12 Millionen Tonnen Lebensmittel werfen wir hierzulande jährlich weg. Die Sozialunternehmerin Günes Seyfarth rettet Gemüse und Co. und betreibt damit die Community Kitchen München.    

Wer brav aufisst, sorgt für gutes Wetter. Das haben uns die Eltern erzählt und wir erzählen es unseren Kindern. Die dreifache Mutter Günes Seyfarth geht noch einen Schritt weiter. Sie sagt: „Zu essen, was da ist, rettet das Klima.“ Seit zehn Jahren ist die 42-jährige Münchnerin als Lebensmittelretterin unterwegs, seit einigen Monaten stemmt  sie gemeinsam mit Judith Stiegelmayr ein Social Business, das in der Landeshauptstadt seines Gleichen sucht: Ihre im ehemaligen Allianzgebäude in Neuperlach beheimatete „Community Kitchen München“ kombiniert Lebensmittelverwertung mit Klimaschutz und ist darüber hinaus ein groß angelegtes Bildungs- und Sozialprojekt.

Wer es sich leisten kann, spendet

Die Zwischennutzung von unglaublichen 42.000 Quadratmetern inklusive einer perfekt ausgestatteten Großküche, die das Immobilienunternehmen Hines an die beiden Frauen vermietet, ist auf fünf Jahre angelegt. Nach einem mehrmonatigen Testlauf, bei dem  professionelle Köch*innen und freiwillige Schnibbelhilfen die diversen Untermieter*innen des Hauses in der Fritz-Schäffer-Straße mit frischem, gesundem Essen versorgten, lädt das Restaurant der Com-Kit Food GmbH seit 1. Februar auch die Öffentlichkeit zum Mittagessen ein. „Für 5,50 Euro gibt es ein warmes Gericht. Nachschlag ist kostenlos. Wer weniger isst, zahlt auch weniger. Und wer es sich leisten kann, ermöglicht durch seine Spende einer bedürftigen Person ebenfalls ein warmes Essen“, erklärt Günes das Restaurantkonzept.

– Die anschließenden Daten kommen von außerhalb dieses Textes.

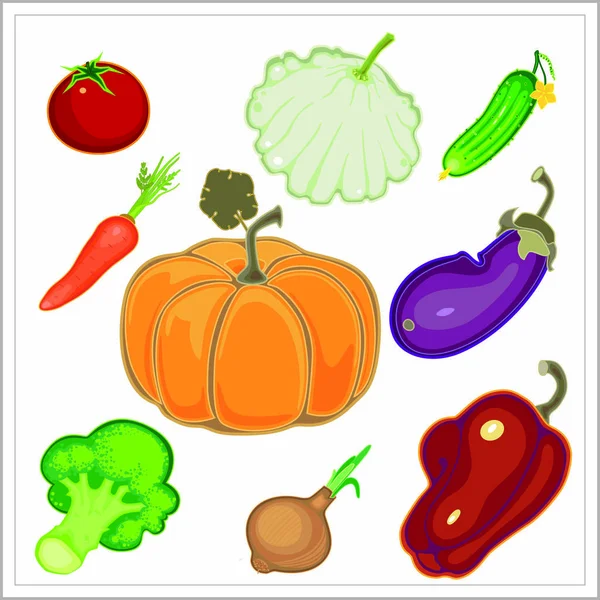 Bright autumn vegetables. — Stock Vector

Lebensmittel retten ist bunt

Gelb, grün, orange, rot und lila leuchten die Kürbisse, Zucchini, Auberginen, Avocados, Möhren und Tomaten, die vor der Lebensmittelretterin auf dem Tisch liegen. Wenn die Sozialunternehmerin und ihr Team am Morgen nicht ausgerückt wären, läge das ganze gute Gemüse jetzt im Müll. Stattdessen serviert die Community Kitchen vor dem offiziellen Mittagstisch einer Gruppe von interessierten Unternehmerinnen überbackene Tomaten, Gemüse-Pancakes mit Zucchini, Avocado-Toast und Mandarinen-Erdbeer-Smoothies. Wer mag, bekommt obendrein ein gesundes Birchermüsli mit Hafermilch oder lässt sich ein Spiegelei braten. Und als „Dessert“ erklärt Günes Seyfarth, warum die Lebensmittelretter*innen tun, was sie tun.

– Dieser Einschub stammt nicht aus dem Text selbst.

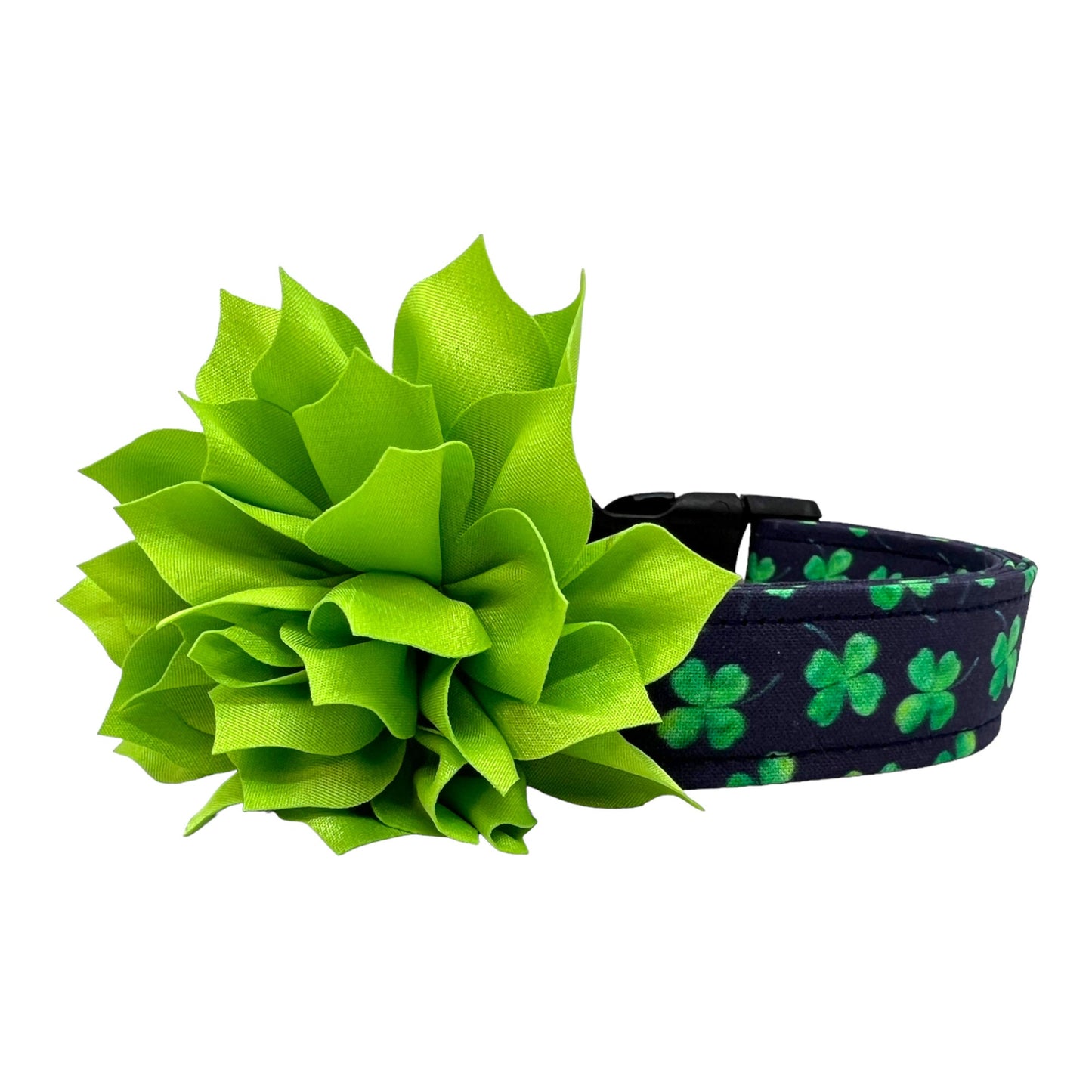 St. Patrick's Day Shamrock Clover Dog Collar with Dog Collar Flower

Ein Drittel aller Lebensmittel landet in der Mülltonne. „Allein in München werfen die Privathaushalte 165 Tonnen verzehrfähiges Essen weg. Pro Tag! Der Abfall aus Restaurants und Supermärkten kommt noch on top“, sprudelt Seyfarth los und beschreibt in einem Mordstempo den Weg, den ein Drittel aller weltweit produzierten und noch verzehrfähigen Lebensmittel geht: „Sie werden angebaut, gewässert, gedüngt, wobei Pestizide und Dünger ins Grundwasser gelangen, sie werden geerntet, wofür Maschinen und Manpower eingesetzt werden; anschließend werden die Lebensmittel gewaschen, verpackt, in den Supermarkt geliefert – und weggeschmissen.“ Anders ausgedrückt: Alles, was zwischen 1. Januar bis Ende April produziert wird, landet in der Tonne. Die Weltgesundheitsorganisation geht von 1,3 Milliarden weggeworfenen Tonnen Essen pro Jahr weltweit aus, für Deutschland von 12 Millionen Tonnen. 

Günes ist Gründerin des Vereins „Foodsharing München“

Diese Absurdität ist angesichts des Hungers auf der Welt nicht nur eine moralische Katastrophe, sondern auch eine ungeheure Ressourcenverschwendung. „Aus diesem Grund ist der Stopp der Lebensmittelverschwendung einer der wirksamsten Methoden im weltweiten Klimaschutz, wenn wir das realistischere Ziel von 2 Grad Klimaerwärmung erreichen wollen“, zitiert Energiebündel Günes das internationale Klimaschutzprojekt Drawdown und verliert während ihrer temperamentvollen Ansprache in keinem Moment ihr charakteristisches Dauerstrahlen. 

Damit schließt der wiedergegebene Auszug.